News of the appointment came on the heels of Lambert’s keynote address at the “Humanities Now” Graduate Conference, which took place in February at the Charles Phelps Taft Research Center at the University of Cincinnati. The lecture, whose title comes from Lambert’s forthcoming book “(Philo)sophy After Friendship” (University of Minnesota Press, 2016), was inspired by a brief correspondence between Gilles Deleuze and Dionys Mascolo, in which the former famously asserted that the democratic ideal of friendship had become corrupted throughout history.

“I reconstructed a brief genealogy of the different concrete situations to which Deleuze’s statement might refer, arriving at a moment of recollection where perhaps the essential meaning of philosophy might be interrogated anew,” says Lambert, who also is lecturing this spring at Stockholm University and the National Taichung University of Education in Taiwan. “I sought to look at Deleuze’s assertion in a new light.”

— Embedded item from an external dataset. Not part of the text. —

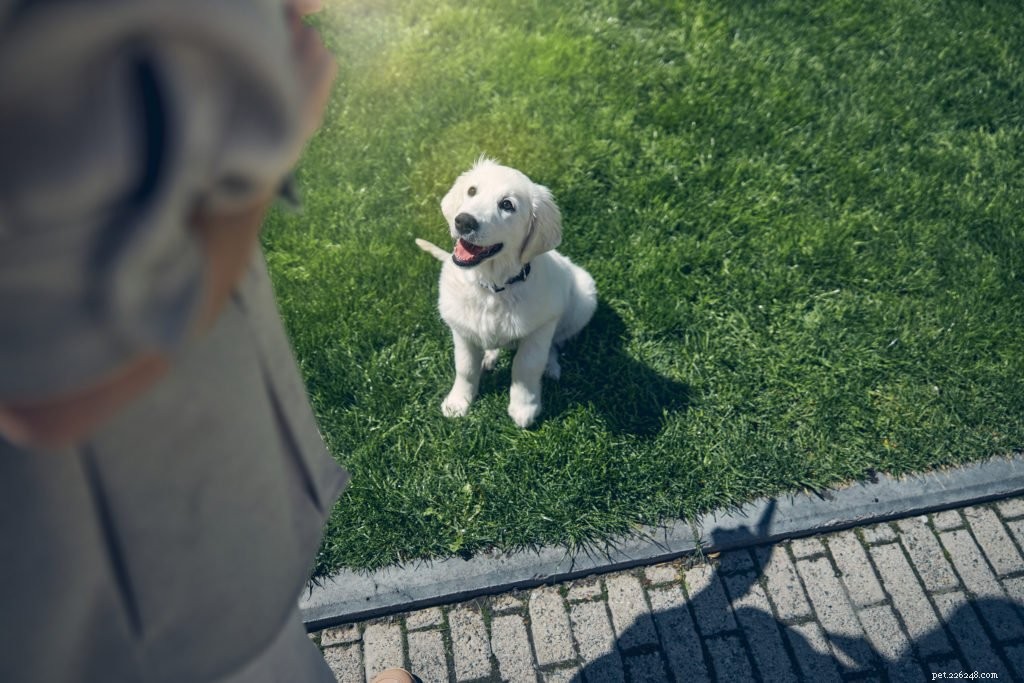 Rinforzo positivo:il modo scientificamente supportato per addestrare con successo il tuo cane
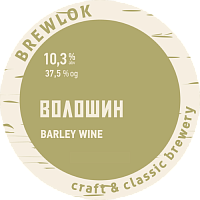 Волошин. Том 1. Глава 3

Some of these ideas are echoed in Lambert’s other book, “Return Statements: The Return of Religion in Contemporary Philosophy”(Edinburgh University Press, 2016), due out in May. Described as a critical investigation into the role of religion in modern culture, the book explores the relationship between the resurgence of overtly religious themes in contemporary philosophy and the global “post-secular turn” that has been taking place since 9/11.

“I’ve tried to explain why these ‘returns to religion’ are taking place simultaneously, all over the world,” says Lambert, the author of a dozen other books and some 50 scholarly articles. “In the process, I’ve discovered a unique—if not, foreboding—sense of religion that seems to be permeating modern society.”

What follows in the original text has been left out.